*Activity*: Every line of the material below should be copied exactly.

*Collected data*:
##########

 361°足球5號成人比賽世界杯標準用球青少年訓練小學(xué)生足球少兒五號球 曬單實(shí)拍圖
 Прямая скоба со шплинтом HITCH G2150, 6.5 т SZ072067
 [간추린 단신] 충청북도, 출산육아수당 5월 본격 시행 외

##########

*Solution to this task*:
 361°足球5號成人比賽世界杯標準用球青少年訓練小學(xué)生足球少兒五號球 曬單實(shí)拍圖
 Прямая скоба со шплинтом HITCH G2150, 6.5 т SZ072067
 [간추린 단신] 충청북도, 출산육아수당 5월 본격 시행 외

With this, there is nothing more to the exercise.